YOUR ASSIGNMENT - Below are the records; return exactly the lines from the one with "How to Use TurnoVolt's" through the final line, both included, minus any pictures.
INFORMATION GIVEN: Begin
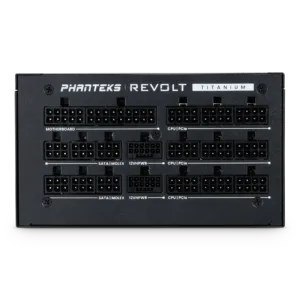 Phanteks Phanteks Revolt moduł zasilaczy 1600 W ATX Czarny
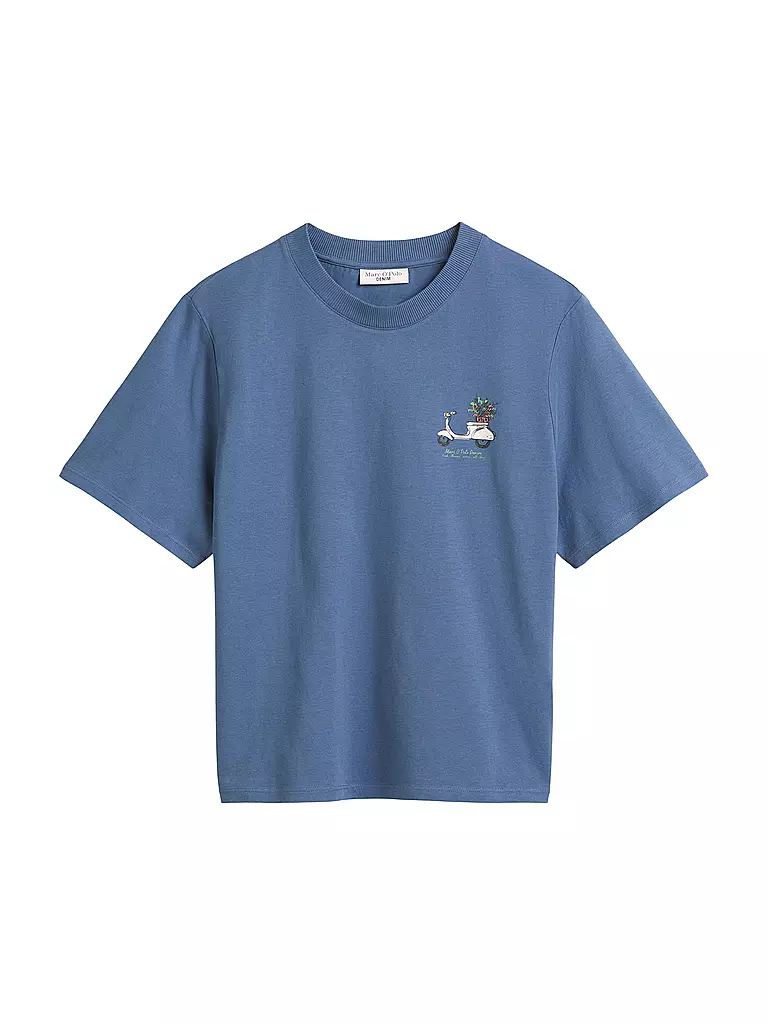MARC O'POLO DENIM | T-shirt | blau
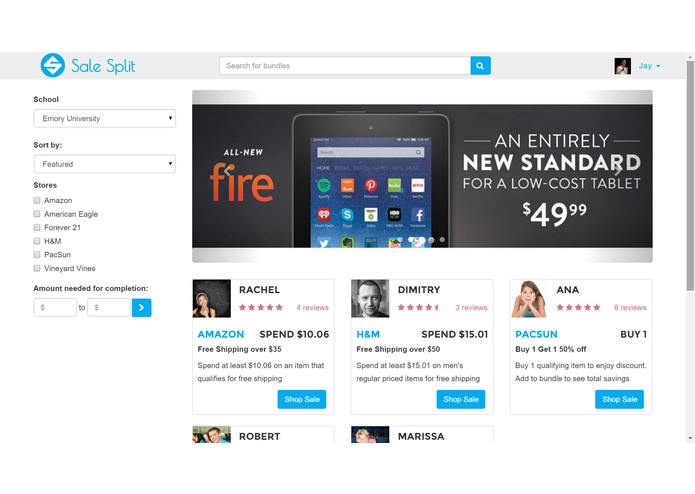 Sale Split – screenshot 3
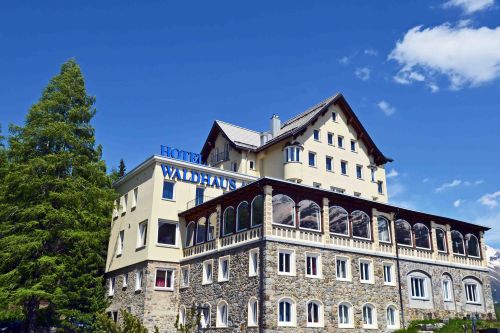 Hotel Waldhaus am See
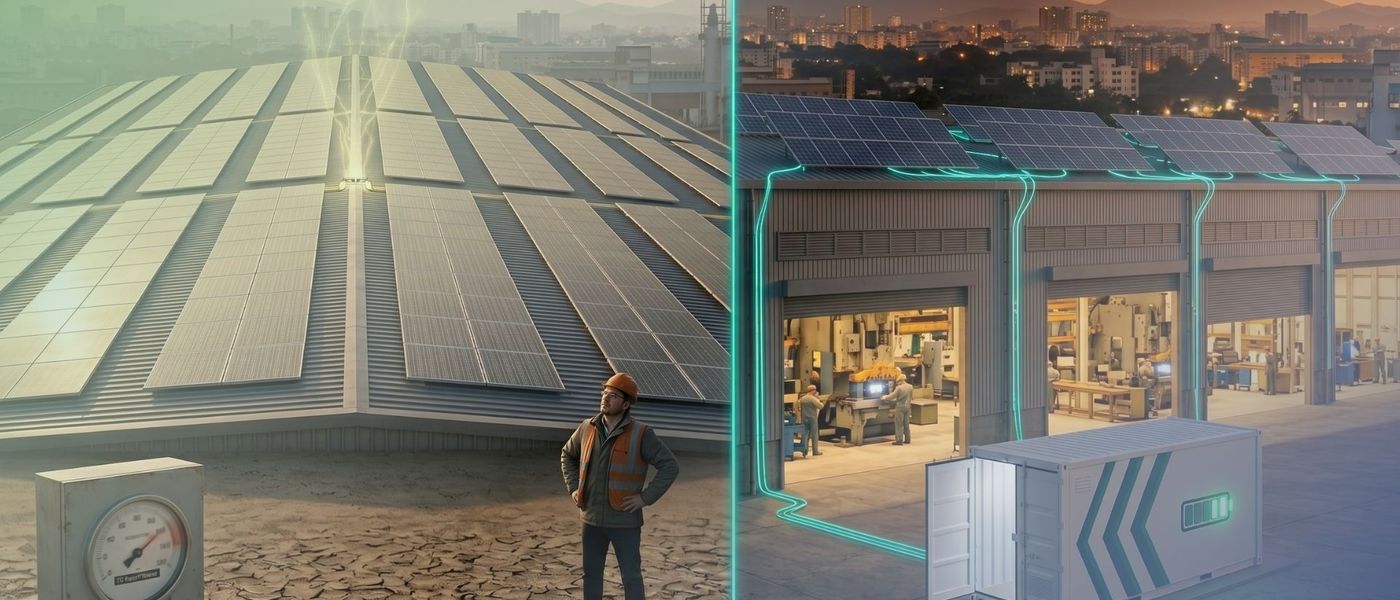 How to Use TurnoVolt's BESS to Maximize Solar ROI as a Factory in Peenya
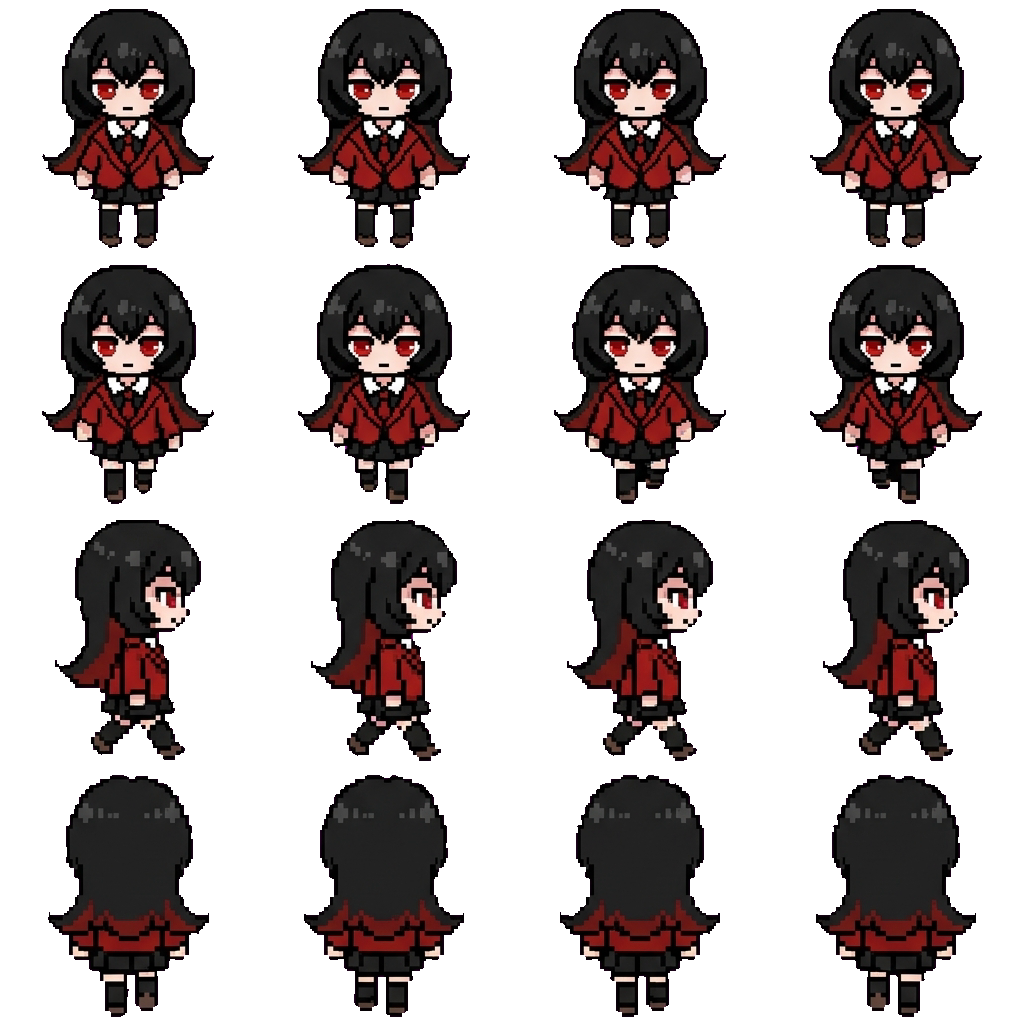 Fujioka Najima movement sprite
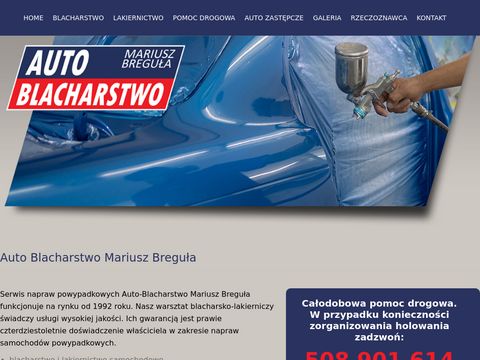 Auto-blacharstwo.com.pl - naprawy Będzin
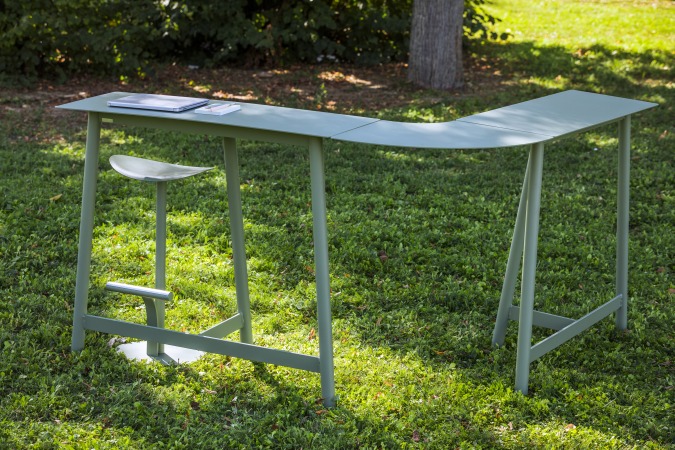 Bolder High Stool Outdoor Fermob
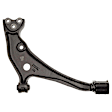 SET-RB520274 Front, Driver and Passenger Side, Lower Control Arm, Without ball joint(s), Iron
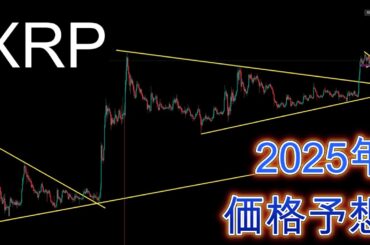Rippleの2025年価格予想。暗号資産（仮想通貨）【XRP】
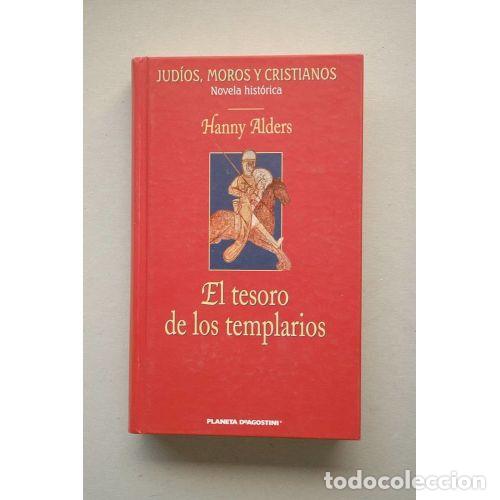 books: EL TESORO DE LOS TEMPLARIOS ALDERS, HANNY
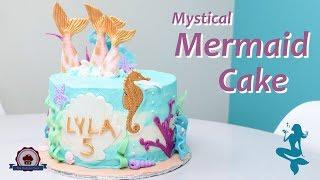 Mermaid Cake Tutorial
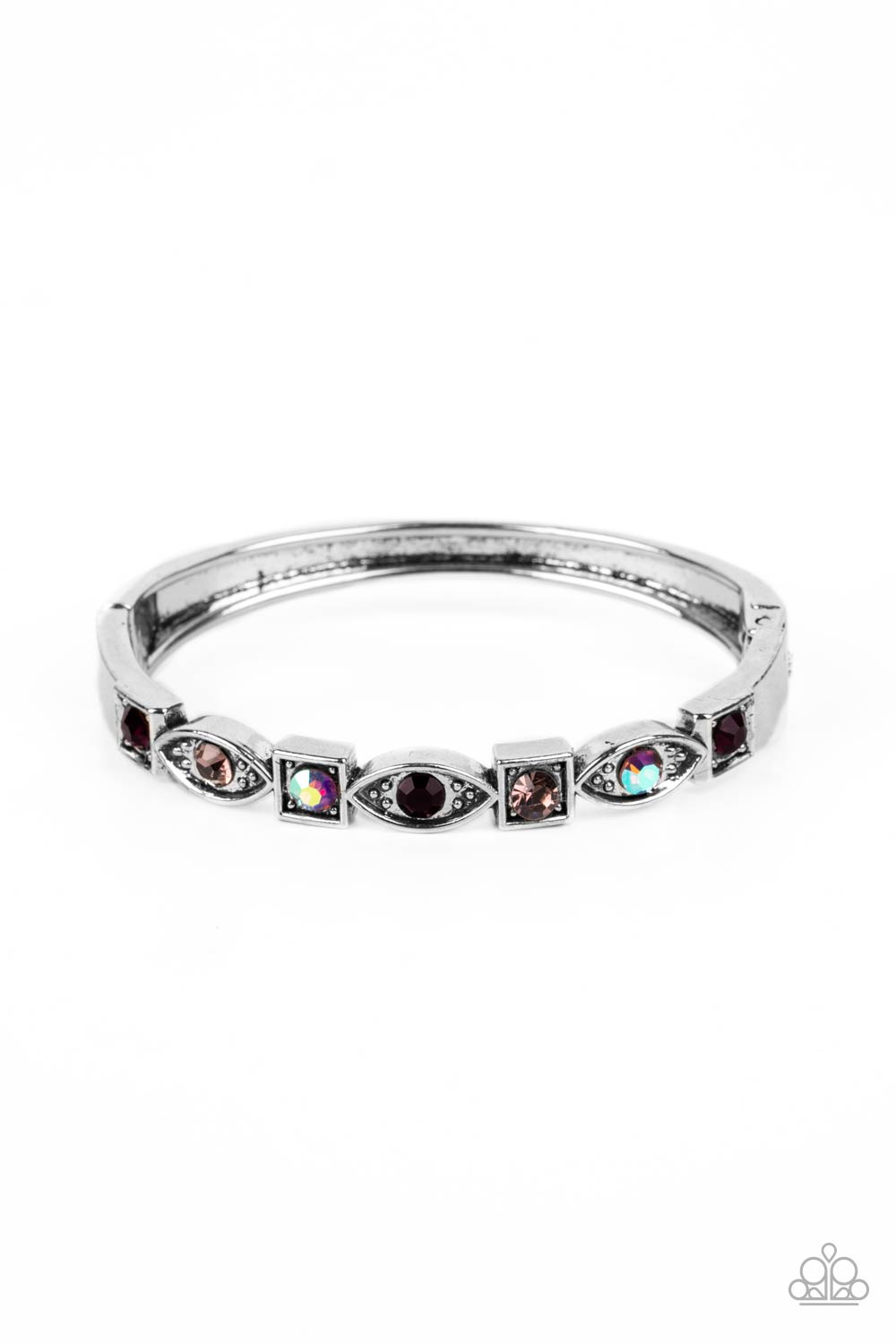 Poetically Picturesque - Purple Paparazzi Bracelet (2297)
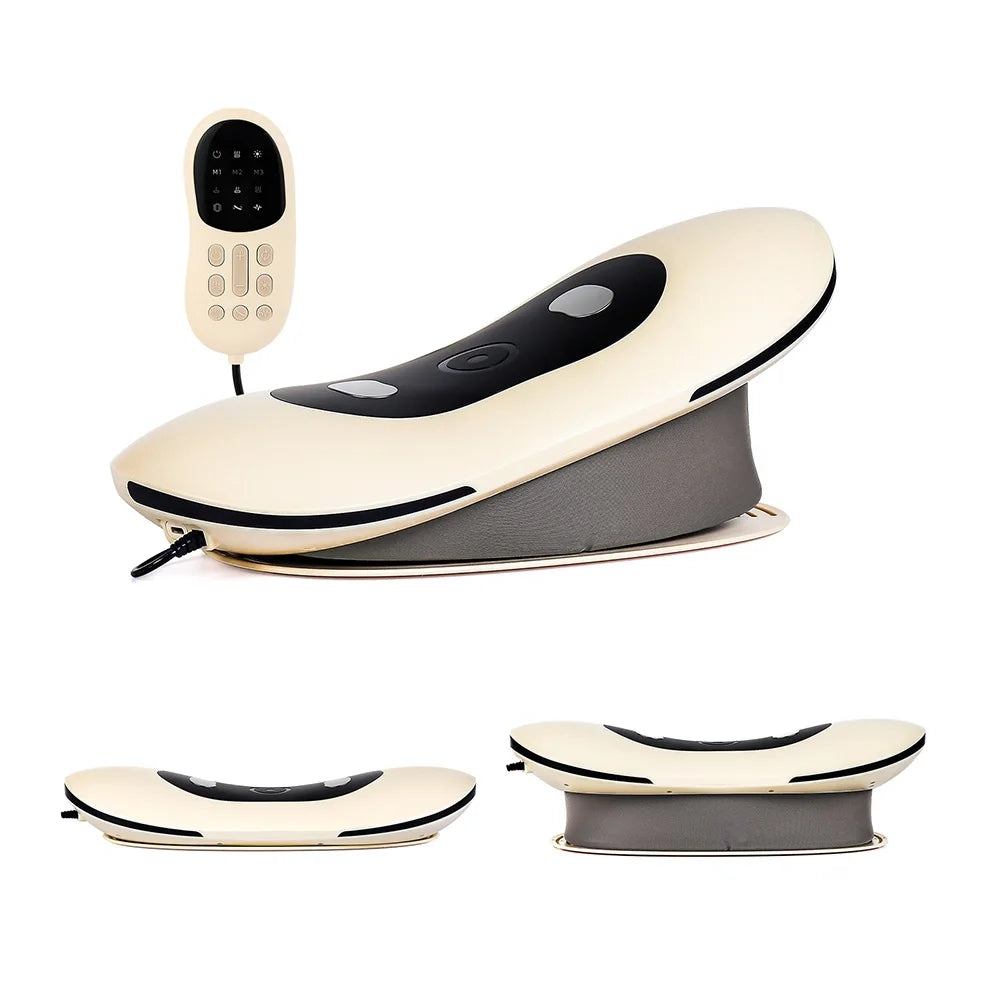 Electric Lumbar Traction Massager for Back Pain Relief - 8
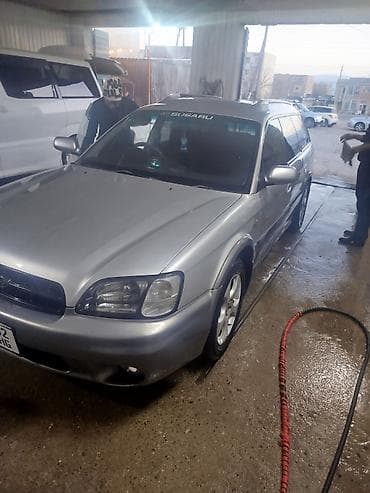 мицубиси кантер: Subaru Legacy: 2000 г., 2.5 л, Бензин, Универсал — 5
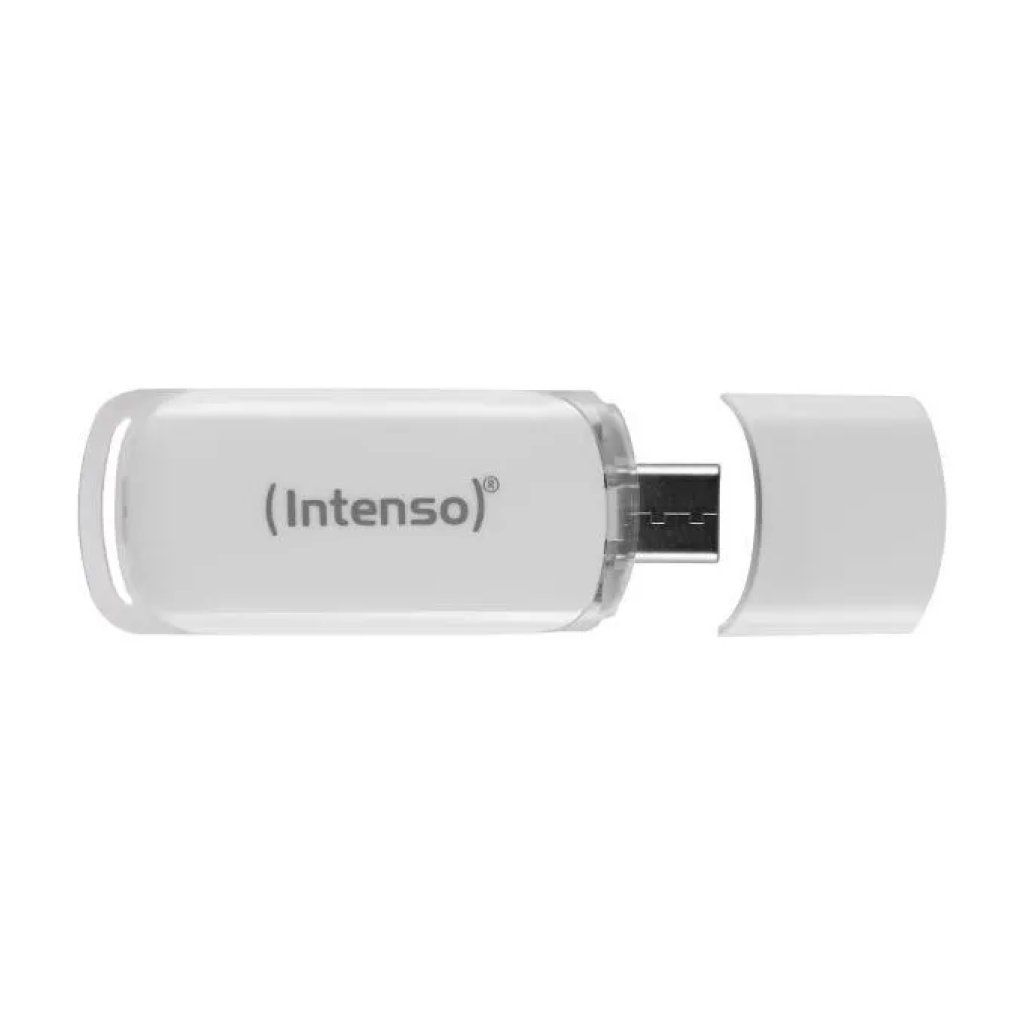 Intenso Flash Line Chiavetta USB-C 32 GB USB 3.1 Bianca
INFORMATION GIVEN: End
PROBLEM SOLUTION -
 How to Use TurnoVolt's BESS to Maximize Solar ROI as a Factory in Peenya
 Fujioka Najima movement sprite
 Auto-blacharstwo.com.pl - naprawy Będzin
 Bolder High Stool Outdoor Fermob
 SET-RB520274 Front, Driver and Passenger Side, Lower Control Arm, Without ball joint(s), Iron
Rippleの2025年価格予想。暗号資産（仮想通貨）【XRP】
 books: EL TESORO DE LOS TEMPLARIOS ALDERS, HANNY
 Mermaid Cake Tutorial
 Poetically Picturesque - Purple Paparazzi Bracelet (2297)
 Electric Lumbar Traction Massager for Back Pain Relief - 8
 мицубиси кантер: Subaru Legacy: 2000 г., 2.5 л, Бензин, Универсал — 5
 Intenso Flash Line Chiavetta USB-C 32 GB USB 3.1 Bianca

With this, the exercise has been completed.